Next we push this image to ECR

In [None]:
!docker tag nvcr.io/nvidia/tritonserver:24.08-trtllm-python-py3 triton-trtllm
!bash push_ecr.sh triton-trtllm

In [None]:
triton_image_uri = ACCOUNT_ID.dkr.ecr.us-east-1.amazonaws.com/triton-trtllm:latest"

For a simple use case we will take the pre-trained NLP Bert model from Hugging Face and deploy it on SageMaker with Triton as the model server. The script for exporting this model can be found here. This is run as part of the generate_models.sh script from the previous cell. After the model is serialized we package it into the format that Triton and SageMaker expect it to be. We used the pre-configured config.pbtxt file provided with this repo here to specify model configuration which Triton uses to load the model. We tar the model directory and upload it to s3 to later create a SageMaker Model.

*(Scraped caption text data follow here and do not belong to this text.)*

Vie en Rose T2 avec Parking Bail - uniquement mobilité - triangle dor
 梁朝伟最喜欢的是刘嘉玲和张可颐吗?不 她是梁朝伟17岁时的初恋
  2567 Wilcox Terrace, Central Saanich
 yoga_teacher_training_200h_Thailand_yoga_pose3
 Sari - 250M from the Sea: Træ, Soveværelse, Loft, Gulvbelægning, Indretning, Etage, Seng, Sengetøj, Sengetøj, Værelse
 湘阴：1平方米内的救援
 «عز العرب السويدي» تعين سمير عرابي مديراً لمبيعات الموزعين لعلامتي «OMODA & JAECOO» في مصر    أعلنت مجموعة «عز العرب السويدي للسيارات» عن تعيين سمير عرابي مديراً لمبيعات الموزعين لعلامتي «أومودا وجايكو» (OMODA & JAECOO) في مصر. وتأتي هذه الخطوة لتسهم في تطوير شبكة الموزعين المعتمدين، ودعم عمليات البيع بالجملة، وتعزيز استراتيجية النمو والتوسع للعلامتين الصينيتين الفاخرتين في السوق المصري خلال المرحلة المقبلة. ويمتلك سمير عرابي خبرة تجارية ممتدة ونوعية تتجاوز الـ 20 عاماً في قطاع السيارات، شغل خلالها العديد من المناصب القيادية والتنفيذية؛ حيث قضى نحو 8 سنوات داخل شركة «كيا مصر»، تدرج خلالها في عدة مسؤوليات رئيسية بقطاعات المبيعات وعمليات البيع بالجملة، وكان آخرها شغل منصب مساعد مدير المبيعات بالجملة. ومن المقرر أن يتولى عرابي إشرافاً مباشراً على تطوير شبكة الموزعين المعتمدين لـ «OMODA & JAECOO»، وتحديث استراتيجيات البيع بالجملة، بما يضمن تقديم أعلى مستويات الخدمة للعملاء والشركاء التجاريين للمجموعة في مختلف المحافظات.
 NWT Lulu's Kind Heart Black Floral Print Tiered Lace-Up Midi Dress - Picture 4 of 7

## Packaging model files and uploading to s3

In [None]:
!tar --exclude='.ipynb_checkpoints' --exclude='*.bin' \
--exclude='*.h5' --exclude='*.safetensors' --exclude="onnx" \
--exclude='.git*' --exclude='.gitignore' --exclude='.gitattributes' --exclude='.gitmodules' \
-czvf model.tar.gz -C workspace/triton_model_repo/ .

In [None]:
model_uri = s3://sagemaker-us-east-1-ACCOUNTID/triton-trtllm-model/model.tar.gz"

In [None]:
model_uri = sagemaker_session.upload_data(path="model.tar.gz", key_prefix="triton-trtllm-model")

## Create SageMaker Endpoint

We start off by creating a sagemaker model from the model files we uploaded to s3 in the previous step.

In this step we also provide an additional Environment Variable i.e. SAGEMAKER_TRITON_DEFAULT_MODEL_NAME which specifies the name of the model to be loaded by Triton. The value of this key should match the folder name in the model package uploaded to s3. This variable is optional in case of a single model. In case of ensemble models, this key has to be specified for Triton to startup in SageMaker.

Additionally, customers can set SAGEMAKER_TRITON_BUFFER_MANAGER_THREAD_COUNT and SAGEMAKER_TRITON_THREAD_COUNT for optimizing the thread counts.

In [None]:
sm_model_name = "triton-trtllm-model-" + time.strftime("%Y-%m-%d-%H-%M-%S", time.gmtime())

container = {
    "Image": triton_image_uri,
    "ModelDataUrl": model_uri,
    "Environment": {"SAGEMAKER_TRITON_DEFAULT_MODEL_NAME": "ensemble"},
}

create_model_response = sm.create_model(
    ModelName=sm_model_name, ExecutionRoleArn=role, PrimaryContainer=container
)

print("Model Arn: " + create_model_response["ModelArn"])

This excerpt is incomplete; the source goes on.